The lowest observed IC50 values are reported when multiple values were found in the literature. With one exception (didanosine), none of these drugs have been described in published toxoplasmosis clinical case reports. *, not statistically significant; ND, not determined. The term “in vivo lethal challenge” used here refers to an experiment where model organisms are exposed to a 100% lethal infectious dose of parasite, often via intraperitoneal injection. The strain of the parasite and the recipient host affect the absolute number of parasites required to produce a lethal infection, which often manifests 7 to 15 days after infection. “In vivo parasite burden” refers to the tissue or fluid count of parasites isolated from a host following a nonlethal infection (typically accomplished by administration of a low dose of parasites and/or delivery of parasites via the oral route and/or the use of a low-virulence strain). Notably, parasite burden measurements are performed in a manner which typically quantifies both tachyzoite and bradyzoite parasite stages (most often by PCR). However, studies which aim to evaluate bradyzoite “cyst” counts (usually determined >30 day postinfection, since by this time the tachyzoites have been cleared by the immune system) are noted in the parasite burden column as such.

ANTIMICROBIAL AGENTS

A number of relatively distinct compounds used clinically against an array of predominantly eukaryotic pathogens have shown some efficacy against T. gondii. Miltefosine is an analog of the ubiquitous compound phosphatidyl choline found in eukaryotic cell membranes and was initially developed to treat tumors. Subsequently, it was discovered to display potent efficacy against nonapicomplexan Leishmania protozoans, and it is now used clinically for treatment of Leishmania infections. Results of additional in vitro studies, including a recent study investigating Toxoplasma sensitivity, suggest that it may have much broader antimicrobial properties (42). The study showed that miltefosine had little efficacy in controlling acute infection after 5 days of treatment; however, a 15-day treatment against the established chronic stage led to a 78% reduction of the level of cysts in the brain. Moreover, the remaining cysts were noticeably smaller upon microscopic examination, suggesting that the drug effectively penetrates the blood-brain barrier and that extension of treatment time may produce greater effects. In an effort to provide functional options for treatment of infections by the unrelated parasite Naegleria fowleri, expanded investigational access to miltefosine for use against this uncommon but deadly infection has been granted by the United States Centers for Disease Control and Prevention. While the mechanism of action is not established in these antimicrobial roles, an appealing feature of miltefosine is an extended half-life of approximately 7 days in humans.

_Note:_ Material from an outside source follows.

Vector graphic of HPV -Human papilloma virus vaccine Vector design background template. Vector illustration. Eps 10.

Niclosamide is a salicylanilide which is approved for treatment of parasitic worm infection, where it appears to decouple oxidative phosphorylation. Noting that niclosamide inhibits T. gondii growth in vitro at approximately 250 nM, Fomovska et al. designed a number of niclosamide derivatives and evaluated them against T. gondii (43). These showed efficacy against in vitro parasite growth; the most potent of these had an IC50 of 8 nM but was found to be parasitostatic, not parasiticidal. Efficacy against the cyst stage of Toxoplasma has not been studied.

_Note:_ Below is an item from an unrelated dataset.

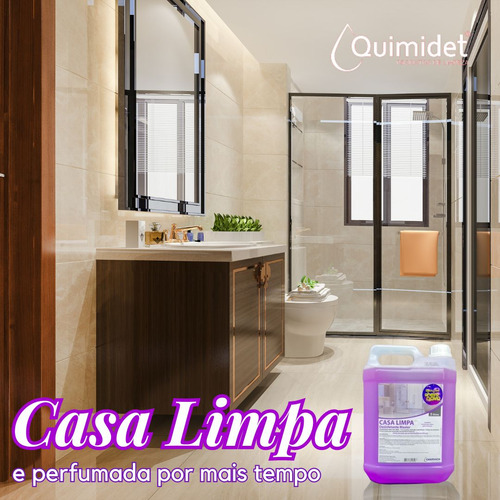 Desinfetante Casa Limpa 5l De Excelente Ação Bactericida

Triclosan is a broad-spectrum agent used topically to inhibit fatty acid synthesis in susceptible organisms. Several reports indicate that triclosan (IC50, 0.02 μM) decreases in vitro parasite growth of not only Toxoplasma (see Table 2) but also Plasmodium (44) and Babesia (85). Investigators reported that the drug targets enoyl reductase, an enzyme not found in mammals. However, parasite survival studies are either lacking or disappointing; triclosan did not extend mouse survival during a lethal challenge. This hydrophobic drug may hold greater promise if it can be more effectively delivered to the target enzyme (which resides in the parasite's quadruple-membraned organelle, the apicoplast): proof-of-concept approaches investigated triclosan conjugated to octa-arginine or encased in liposomal nanoparticles, the latter conferring greater reductions of parasite counts in peritoneal fluid than triclosan alone (45, 46).

ANTIPROTOZOAL AGENTS

A number of antiprotozoal agents (typically folate synthesis inhibitors) approved for human use have already been leveraged for clinical use against the acute stage. It is notable, though, that an extensive pool of drug-like compounds screened against Plasmodium falciparum followed by secondary screening against additional parasites (T. gondii, Leishmania major, and Trypanosoma brucei) showed that T. gondii was the least responsive of that group to this compound subset, suggesting that it may be more difficult to target chemotherapeutically than other tested human parasites (86).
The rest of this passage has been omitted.